In the event that discovery is incomplete which could otherwise serve to identify indispensable parties, defendants must timely move to vacate a plaintiff’s Note of Issue.
Motion practice
Not only will motions to vacate Notes of Issue be more prevalent (another unintended but likely outcome of the law), defendants will need to proactively monitor their files for all outstanding discovery responses and immediately move to compel any outstanding discovery in order to remain compliant with the deadlines set forth in the AVOID Act and to meet the “good cause” and “interest of justice” standards. In the event that the Court does not permit an impleader, defendants will need to commence separate actions and thereafter, move to consolidate.
Practical tips
Professionals in the construction industry are encouraged to take the following actions:
- Engage in early and thorough pre-suit investigations to identify prospective, necessary parties and timely commence all necessary impleader actions.
- Focus on obtaining all relevant contracts and insurance policies in furtherance of risk transfer efforts.
- Consider pre-Answer motion practice in the event that a pleading is vague or ambiguous as a pre-Answer motion does not “start the clock” the same way interposing an Answer would.
- Obtain an extension of time to answer, thereby providing an opportunity for further investigation into potential culpable parties.
- When in doubt, commence a timely third party action to protect client’s interest.
- Timely pursue all outstanding discovery responses.
- Closely monitor for Note of Issue deadlines and timely move to vacate same.
For more information on the AVOID Act and its implications on New York practice, please contact Kristiana Zuccarini or Nitin Sain.
[1] See, 2025 N.Y. Sess.

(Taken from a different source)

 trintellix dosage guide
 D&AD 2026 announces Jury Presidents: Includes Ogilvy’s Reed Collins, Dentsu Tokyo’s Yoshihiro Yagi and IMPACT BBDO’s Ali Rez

Laws ch 704 (enacting amendments to N.Y.C.P.L.R §1007; http://public.leginfo.state.ny.us/navigate.cgi?NVDTO:
[2] 1B coverage refers to “employers liability” coverage included in a standard Workers’ Compensation policy.
[3] In New York, a “grave injury’ is an exclusive, statutory list of severe, permanent work-related injuries pursuant to Workers’ Compensation Law §11 that allows an employee to sue their employer for damages. Grave injuries include: death, amputation, paraplegia/quadriplegia, total blindness / deafness, severe facial disfigurement, loss of an index finger, or brain injury causing permanent total disability.